**EXERCISE BRIEF**
Would it be possible to quote, exactly and in full, the lines from the one with "tillvex® Filterpumpe Pool" through the end of the entries below?

**MATERIAL PROVIDED**
»»

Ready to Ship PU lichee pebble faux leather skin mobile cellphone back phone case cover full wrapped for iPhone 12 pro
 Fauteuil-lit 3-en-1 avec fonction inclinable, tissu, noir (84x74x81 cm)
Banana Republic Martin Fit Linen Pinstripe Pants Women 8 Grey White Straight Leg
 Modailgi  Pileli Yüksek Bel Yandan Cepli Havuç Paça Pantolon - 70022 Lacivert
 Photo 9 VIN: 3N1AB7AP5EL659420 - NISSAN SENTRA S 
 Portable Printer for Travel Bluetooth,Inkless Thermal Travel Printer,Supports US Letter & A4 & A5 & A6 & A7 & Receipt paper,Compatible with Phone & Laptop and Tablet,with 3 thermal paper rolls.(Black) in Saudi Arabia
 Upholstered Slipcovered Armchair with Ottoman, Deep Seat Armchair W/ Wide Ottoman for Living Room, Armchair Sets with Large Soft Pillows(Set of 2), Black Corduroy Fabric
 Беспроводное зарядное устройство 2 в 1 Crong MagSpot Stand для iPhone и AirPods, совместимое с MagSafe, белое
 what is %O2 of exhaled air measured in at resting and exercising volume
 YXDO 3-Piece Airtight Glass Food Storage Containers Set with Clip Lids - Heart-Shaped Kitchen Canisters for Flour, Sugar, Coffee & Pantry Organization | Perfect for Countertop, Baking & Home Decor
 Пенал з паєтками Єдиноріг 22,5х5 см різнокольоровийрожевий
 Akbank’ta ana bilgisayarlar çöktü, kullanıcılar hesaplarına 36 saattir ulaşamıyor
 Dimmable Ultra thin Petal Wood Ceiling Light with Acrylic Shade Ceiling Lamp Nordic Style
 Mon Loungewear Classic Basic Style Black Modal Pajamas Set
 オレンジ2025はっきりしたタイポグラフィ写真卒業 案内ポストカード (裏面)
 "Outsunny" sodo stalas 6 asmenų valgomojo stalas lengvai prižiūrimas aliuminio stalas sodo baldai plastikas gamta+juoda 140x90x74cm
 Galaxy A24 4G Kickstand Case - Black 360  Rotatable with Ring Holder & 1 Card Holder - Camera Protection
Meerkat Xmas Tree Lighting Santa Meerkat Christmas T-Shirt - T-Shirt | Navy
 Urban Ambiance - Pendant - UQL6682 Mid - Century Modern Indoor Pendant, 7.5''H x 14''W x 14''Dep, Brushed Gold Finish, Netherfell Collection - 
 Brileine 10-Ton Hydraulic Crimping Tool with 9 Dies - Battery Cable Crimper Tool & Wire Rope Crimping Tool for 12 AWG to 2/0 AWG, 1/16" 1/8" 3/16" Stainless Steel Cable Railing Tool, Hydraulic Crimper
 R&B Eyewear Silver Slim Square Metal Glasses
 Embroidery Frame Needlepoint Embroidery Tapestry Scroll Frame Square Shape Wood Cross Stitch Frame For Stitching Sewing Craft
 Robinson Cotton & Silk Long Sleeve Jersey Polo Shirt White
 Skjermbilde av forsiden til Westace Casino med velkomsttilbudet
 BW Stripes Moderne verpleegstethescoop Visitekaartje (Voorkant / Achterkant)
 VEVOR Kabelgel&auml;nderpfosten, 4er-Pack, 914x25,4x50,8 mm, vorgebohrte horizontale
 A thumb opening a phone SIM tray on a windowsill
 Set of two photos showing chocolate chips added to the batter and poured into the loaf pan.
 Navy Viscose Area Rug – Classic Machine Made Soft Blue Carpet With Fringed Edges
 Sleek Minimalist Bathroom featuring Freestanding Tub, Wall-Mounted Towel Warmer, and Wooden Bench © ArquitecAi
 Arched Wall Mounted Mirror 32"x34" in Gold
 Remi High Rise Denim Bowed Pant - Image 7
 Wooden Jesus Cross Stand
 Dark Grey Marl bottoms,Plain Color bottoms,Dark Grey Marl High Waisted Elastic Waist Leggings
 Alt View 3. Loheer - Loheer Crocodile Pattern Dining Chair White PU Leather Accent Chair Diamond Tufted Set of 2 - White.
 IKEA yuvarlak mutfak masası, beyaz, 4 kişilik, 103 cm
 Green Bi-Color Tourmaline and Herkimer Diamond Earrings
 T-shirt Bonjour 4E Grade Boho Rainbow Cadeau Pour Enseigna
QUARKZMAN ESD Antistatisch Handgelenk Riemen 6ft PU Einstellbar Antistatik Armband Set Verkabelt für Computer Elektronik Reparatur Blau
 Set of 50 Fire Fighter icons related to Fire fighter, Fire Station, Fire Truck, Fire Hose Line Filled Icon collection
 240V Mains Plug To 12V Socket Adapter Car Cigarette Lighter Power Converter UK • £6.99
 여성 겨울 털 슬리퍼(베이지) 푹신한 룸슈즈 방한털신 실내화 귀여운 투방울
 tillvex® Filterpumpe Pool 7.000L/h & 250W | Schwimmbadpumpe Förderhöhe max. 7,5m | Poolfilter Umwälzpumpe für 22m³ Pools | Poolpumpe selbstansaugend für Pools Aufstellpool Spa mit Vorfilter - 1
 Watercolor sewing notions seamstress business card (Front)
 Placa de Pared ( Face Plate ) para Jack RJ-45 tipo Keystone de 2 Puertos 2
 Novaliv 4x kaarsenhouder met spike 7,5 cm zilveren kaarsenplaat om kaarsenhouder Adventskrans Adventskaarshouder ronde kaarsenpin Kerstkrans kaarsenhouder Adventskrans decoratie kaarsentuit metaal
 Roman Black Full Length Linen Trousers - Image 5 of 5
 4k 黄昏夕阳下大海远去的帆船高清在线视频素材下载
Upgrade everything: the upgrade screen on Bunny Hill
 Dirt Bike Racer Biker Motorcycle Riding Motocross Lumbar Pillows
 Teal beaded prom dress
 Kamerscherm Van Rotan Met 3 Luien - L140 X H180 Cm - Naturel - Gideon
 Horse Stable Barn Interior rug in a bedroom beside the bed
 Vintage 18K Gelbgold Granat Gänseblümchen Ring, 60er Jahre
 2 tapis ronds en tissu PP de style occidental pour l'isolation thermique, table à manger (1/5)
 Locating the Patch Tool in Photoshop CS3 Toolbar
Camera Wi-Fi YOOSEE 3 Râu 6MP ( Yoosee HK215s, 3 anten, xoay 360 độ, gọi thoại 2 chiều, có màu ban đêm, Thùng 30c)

««

**RESPONSE**
 tillvex® Filterpumpe Pool 7.000L/h & 250W | Schwimmbadpumpe Förderhöhe max. 7,5m | Poolfilter Umwälzpumpe für 22m³ Pools | Poolpumpe selbstansaugend für Pools Aufstellpool Spa mit Vorfilter - 1
 Watercolor sewing notions seamstress business card (Front)
 Placa de Pared ( Face Plate ) para Jack RJ-45 tipo Keystone de 2 Puertos 2
 Novaliv 4x kaarsenhouder met spike 7,5 cm zilveren kaarsenplaat om kaarsenhouder Adventskrans Adventskaarshouder ronde kaarsenpin Kerstkrans kaarsenhouder Adventskrans decoratie kaarsentuit metaal
 Roman Black Full Length Linen Trousers - Image 5 of 5
 4k 黄昏夕阳下大海远去的帆船高清在线视频素材下载
Upgrade everything: the upgrade screen on Bunny Hill
 Dirt Bike Racer Biker Motorcycle Riding Motocross Lumbar Pillows
 Teal beaded prom dress
 Kamerscherm Van Rotan Met 3 Luien - L140 X H180 Cm - Naturel - Gideon
 Horse Stable Barn Interior rug in a bedroom beside the bed
 Vintage 18K Gelbgold Granat Gänseblümchen Ring, 60er Jahre
 2 tapis ronds en tissu PP de style occidental pour l'isolation thermique, table à manger (1/5)
 Locating the Patch Tool in Photoshop CS3 Toolbar
Camera Wi-Fi YOOSEE 3 Râu 6MP ( Yoosee HK215s, 3 anten, xoay 360 độ, gọi thoại 2 chiều, có màu ban đêm, Thùng 30c)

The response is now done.